Mathematically, this can be expressed by means of the
signal to noise ratio. On an 8-bit digital system, there are only 2^8= 256 possible signal amplitudes, of which there are 256 discrete amplitudes relative to the minimum signal level, which results in a dynamic range of just
48.165 dB, which is inferior to most
cassette tape systems, so in fact 8-bit recordings tend to sound noisy and scratchy, and miss low-level signals.

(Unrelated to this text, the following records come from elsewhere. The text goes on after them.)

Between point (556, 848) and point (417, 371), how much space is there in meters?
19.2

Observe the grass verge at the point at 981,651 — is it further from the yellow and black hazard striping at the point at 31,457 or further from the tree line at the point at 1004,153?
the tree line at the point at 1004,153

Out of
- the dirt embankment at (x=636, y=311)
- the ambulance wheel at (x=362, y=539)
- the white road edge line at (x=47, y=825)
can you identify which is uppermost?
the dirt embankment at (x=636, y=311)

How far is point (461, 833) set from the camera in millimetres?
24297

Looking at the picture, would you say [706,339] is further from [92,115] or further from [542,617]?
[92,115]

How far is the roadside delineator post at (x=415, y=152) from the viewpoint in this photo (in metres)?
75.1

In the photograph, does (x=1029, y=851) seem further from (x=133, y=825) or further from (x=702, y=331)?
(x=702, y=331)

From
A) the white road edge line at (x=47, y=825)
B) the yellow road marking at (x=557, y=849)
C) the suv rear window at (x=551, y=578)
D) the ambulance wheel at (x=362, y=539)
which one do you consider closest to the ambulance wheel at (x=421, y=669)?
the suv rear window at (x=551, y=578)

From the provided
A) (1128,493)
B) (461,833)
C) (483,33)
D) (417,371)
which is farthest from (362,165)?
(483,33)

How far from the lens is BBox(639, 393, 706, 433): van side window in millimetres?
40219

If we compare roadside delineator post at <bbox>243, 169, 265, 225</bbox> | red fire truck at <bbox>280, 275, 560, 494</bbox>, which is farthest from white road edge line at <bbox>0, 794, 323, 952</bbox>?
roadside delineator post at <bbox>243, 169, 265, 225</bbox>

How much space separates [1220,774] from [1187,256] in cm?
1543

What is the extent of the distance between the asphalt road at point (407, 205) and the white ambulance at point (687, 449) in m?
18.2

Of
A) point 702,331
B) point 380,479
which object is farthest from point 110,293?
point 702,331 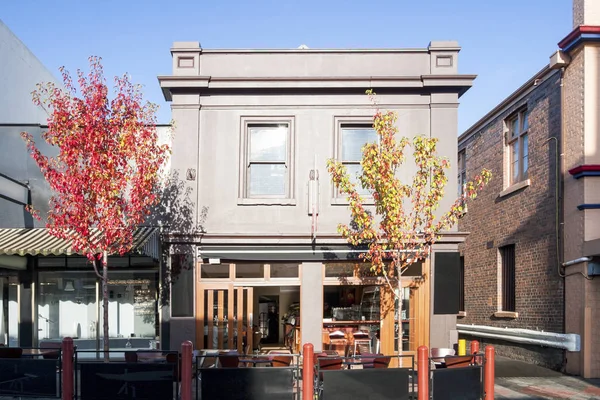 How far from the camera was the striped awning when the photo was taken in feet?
43.5

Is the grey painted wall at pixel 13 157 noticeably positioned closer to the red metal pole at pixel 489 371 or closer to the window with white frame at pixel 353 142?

- Note that a decibel is one-tenth of a Bel. It is a somewhat strange concept that characterizes the logarithmic nature of human senses. Now to make it more complex, the amplitudes discussed in this article are voltage levels. To convert a voltage level ratio to a Bel, simply divide them and calculate the logarithm to base 10. Then multiply by 10 to get decibels. Unfortunately, Ohm's Law comes into play; the power of the sound is approximately the square of the voltage level. Summary: The human hearing range is around 120 dB. A digital recording has, at best, a range of 20 * log10 (2 ^ number of bits).
On the other hand, a system with a 16-bit quantization has a dynamic range of
96.33 dB, which is generally considered
Hi-Fi and way beyond the signal to noise ratio of most consumer audio systems, and it's difficult, in practice, to find an analog sound recording system that can offer a better sensitivity at a reasonable price and implementation complexity.
In practice, each additional quantization bit adds a notable
6 dB in signal to noise ratio, e.g.
144 dB for
24 bit quantization (24 x 6 = 144), which is however very rarely (if ever) achieved in practice, with
21-bit (
126 dB) and
20-bit (
120.4 dB) being more practical, see
DAC and
ADC for more details.
To make a comparison,
cassette tapes are generally below
70 or even
60 dB; FM broadcasts are more or less the same; an average
vinyl record, if in good condition, can sometimes surpass
85 or
90 dB and a properly mastered CD can approach or even exceed
90 dB.
For example, a 0.5 V
peak to peak input
line signal, quantized at 16-bits, would require an equivalent minimum input sensitivity of just 7.629 microvolts, or an equivalent 15.3
ppm sensitivity by part of the whole recording system and medium, which is only achievable with studio-grade equipment, perfectly crafted and preserved medium, and cannot be achieved during reproduction by the majority of consumer audio systems, at a physical-electrical level.